* TASK BRIEF: From the line that holds "Soft blurred abstract" to the last line below, retype everything exactly and nothing else; omit pictures.

* DATA EXTRACTS:
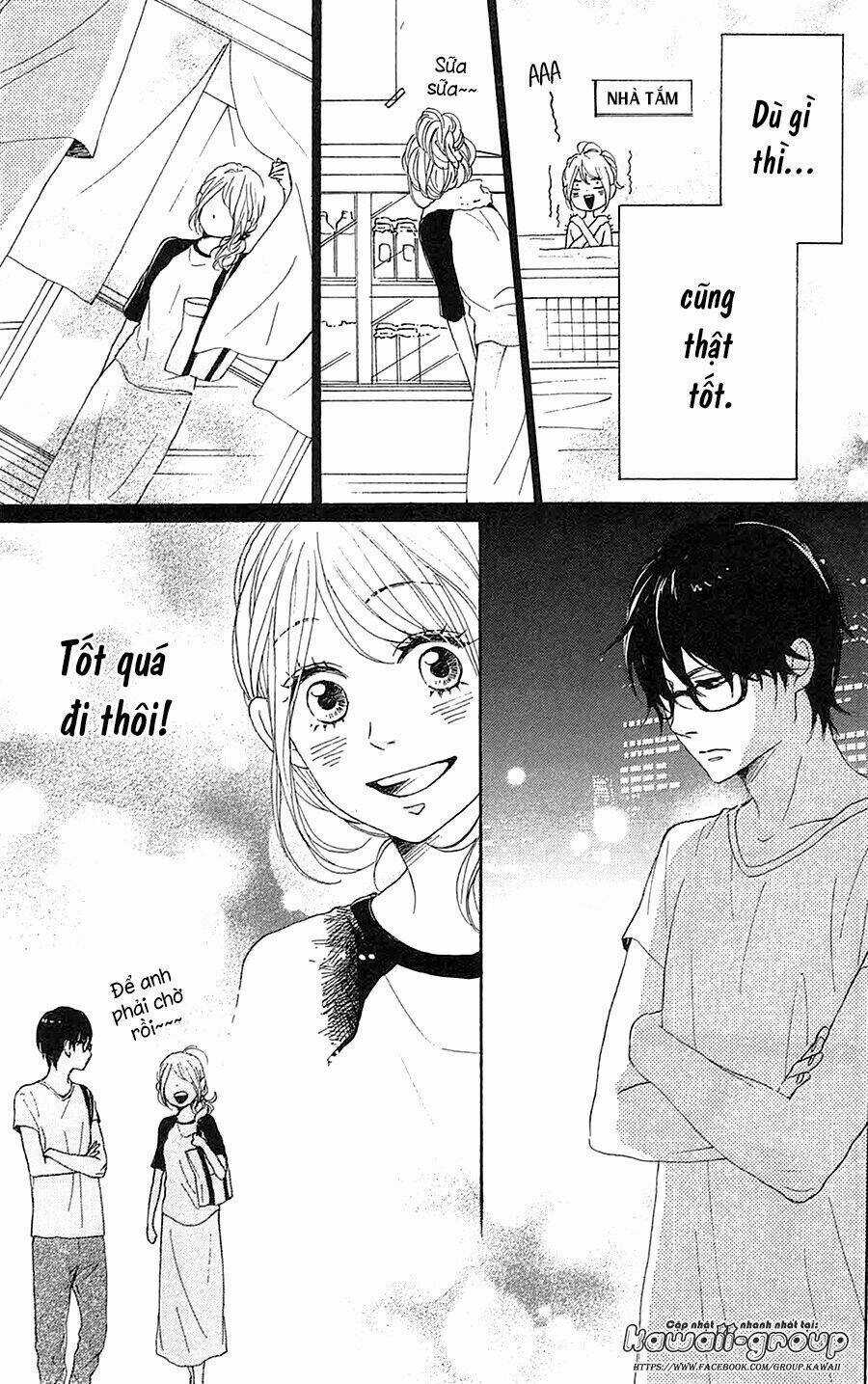 Dame Na Watashi Ni Koishite Kudasai Chapter 32 trang 24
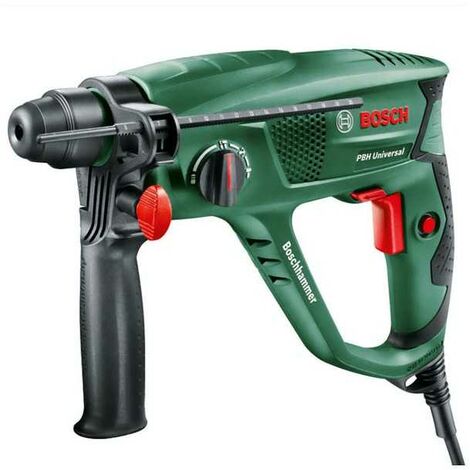 Bosch – Perforateur burineur SDS Plus 550W – Force de frappe 1,7J – Vitesse 2300 tr/min – Ø max 20mm béton – Coffret inclus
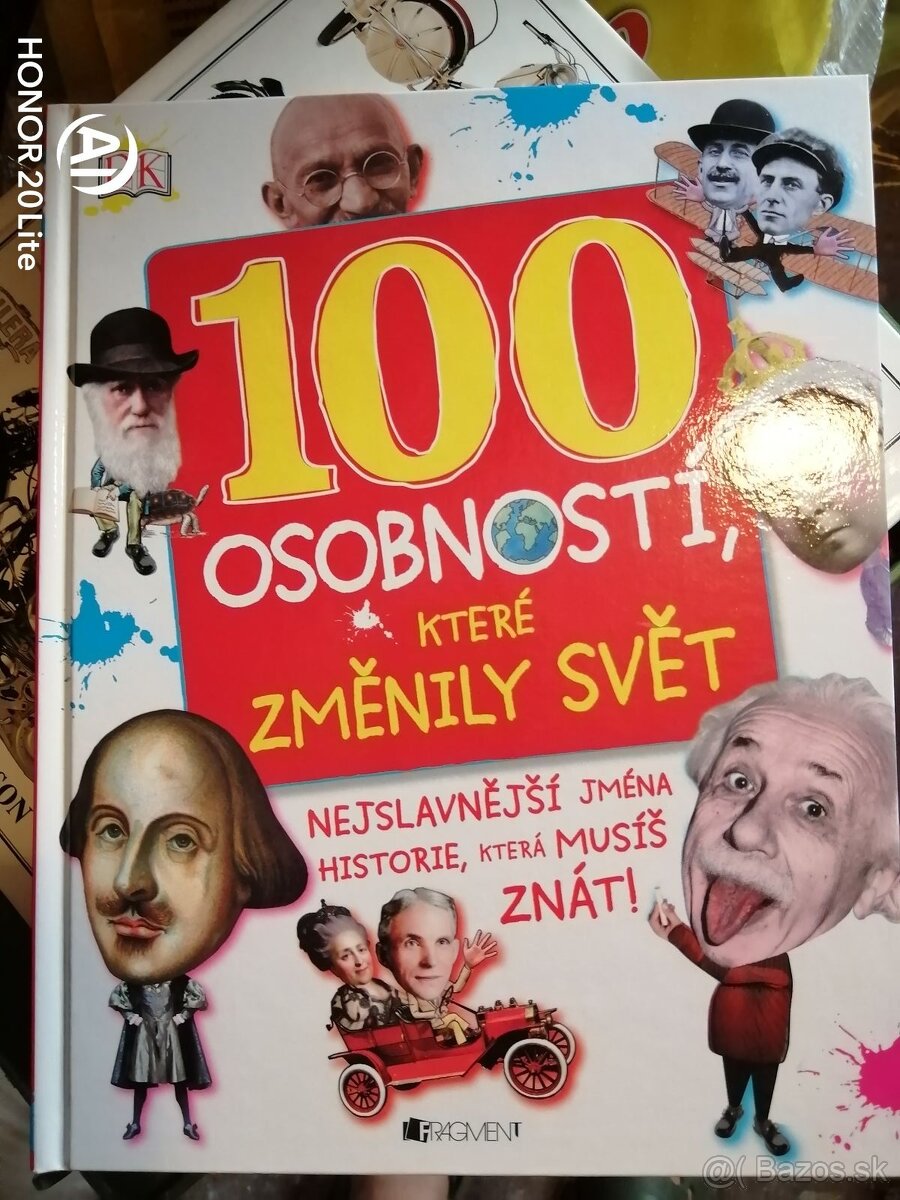 100 osobnosti ktere zmenily svet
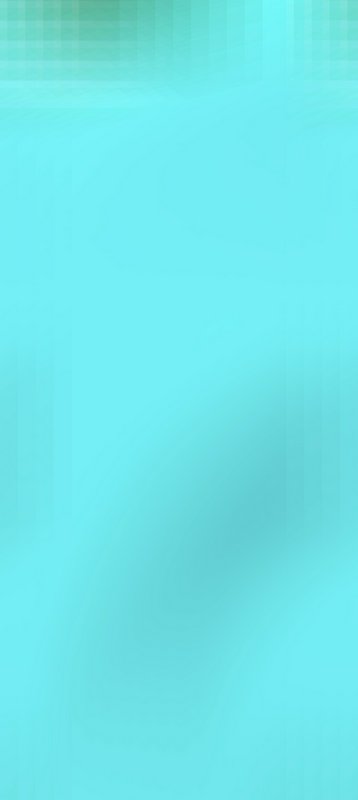 Soft blurred abstract gradient background in bright aqua turquoise, with faint subtle textured pl...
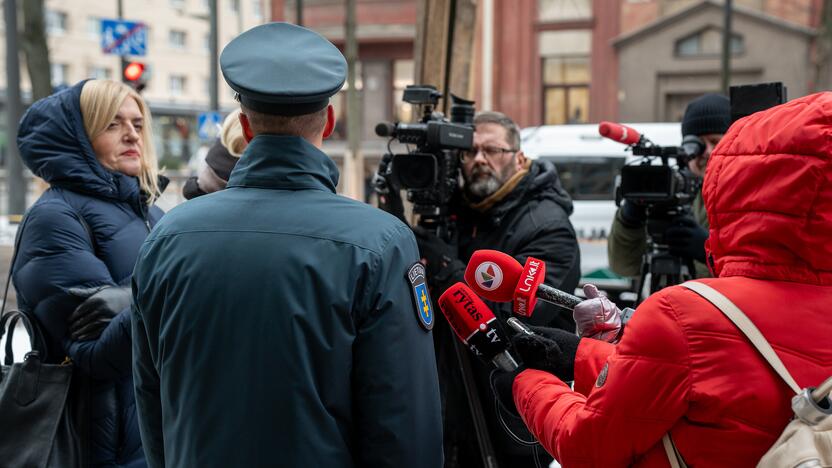 Oficialiai atidarytas Kauno Vyriausiasis policijos komisariatas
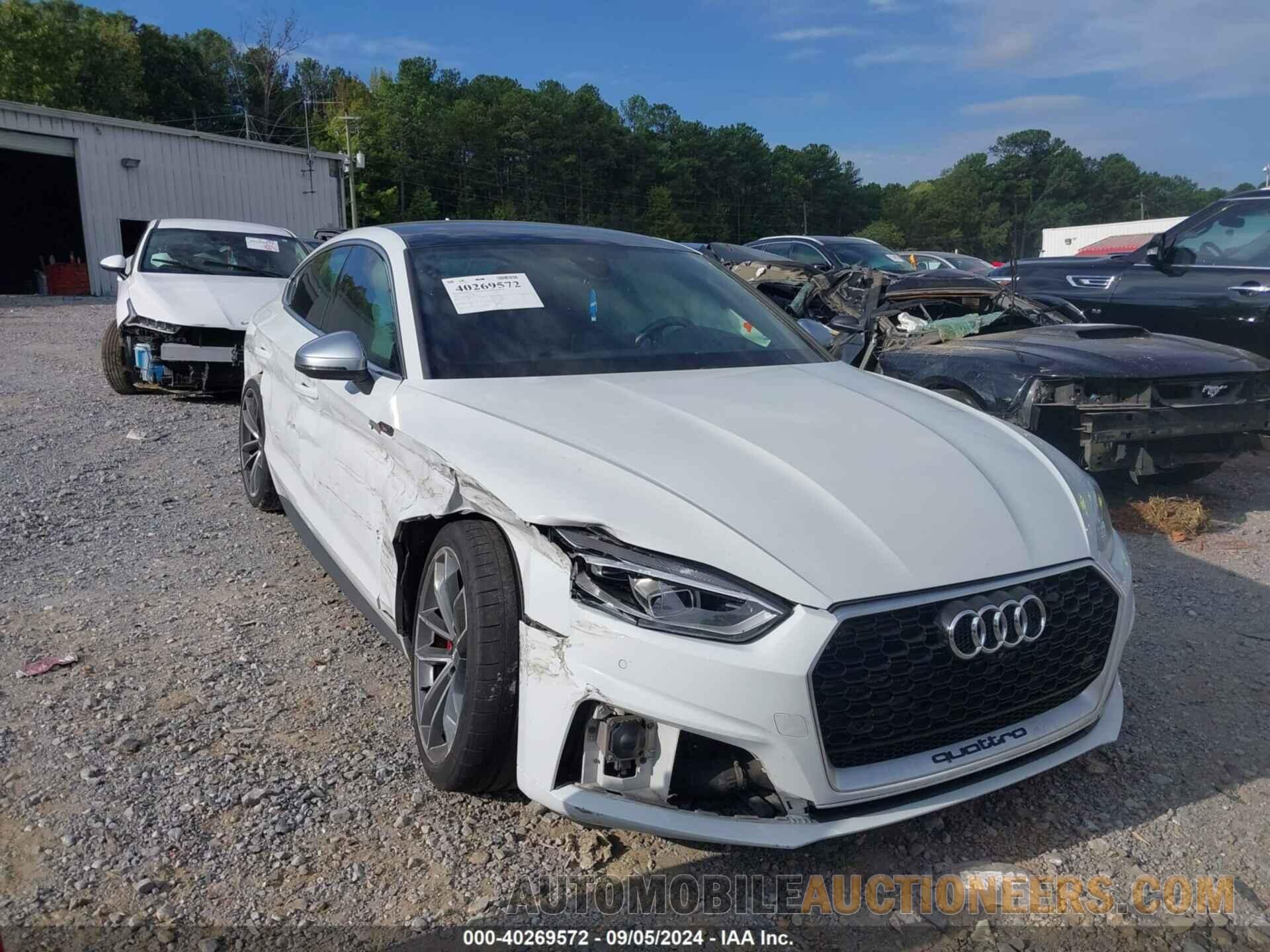 WAUC4CF55JA017276 AUDI S5 2018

* OUTPUT:
 Soft blurred abstract gradient background in bright aqua turquoise, with faint subtle textured pl...
 Oficialiai atidarytas Kauno Vyriausiasis policijos komisariatas
 WAUC4CF55JA017276 AUDI S5 2018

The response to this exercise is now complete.